How to complete this task →
Using the material below, return exactly the lines between the one holding "Home Deco Factory" and the one holding "Весы сверхточные Brifit", inclusive, and no others.

Dataset entries →
☆ ☆ ☆
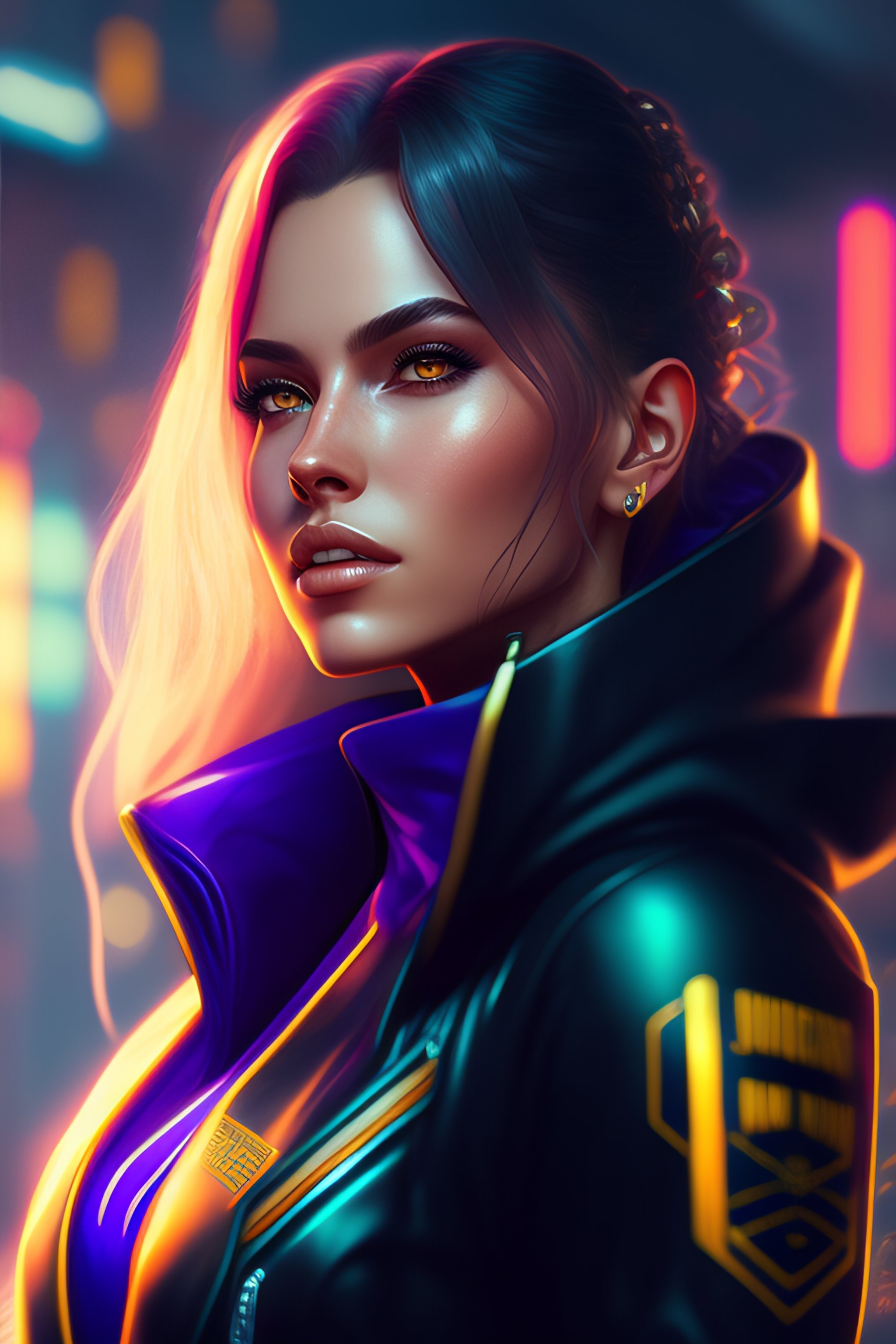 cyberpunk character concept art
☆ ☆ ☆
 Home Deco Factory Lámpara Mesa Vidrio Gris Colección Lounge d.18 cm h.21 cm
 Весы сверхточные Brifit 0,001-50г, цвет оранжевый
☆ ☆ ☆
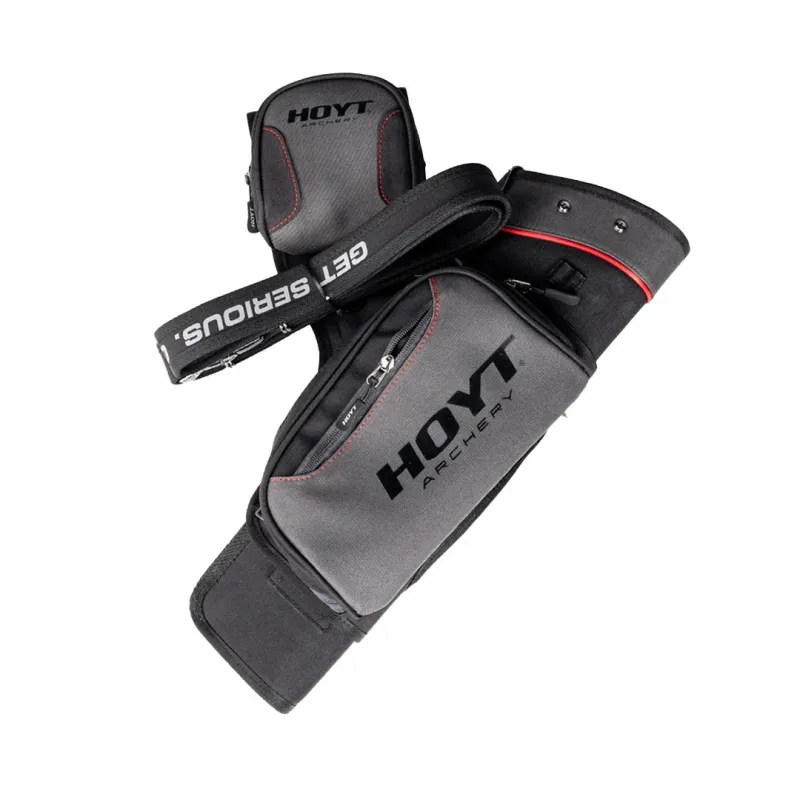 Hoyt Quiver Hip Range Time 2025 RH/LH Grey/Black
☆ ☆ ☆
Answer to the exercise →
 Home Deco Factory Lámpara Mesa Vidrio Gris Colección Lounge d.18 cm h.21 cm
 Весы сверхточные Brifit 0,001-50г, цвет оранжевый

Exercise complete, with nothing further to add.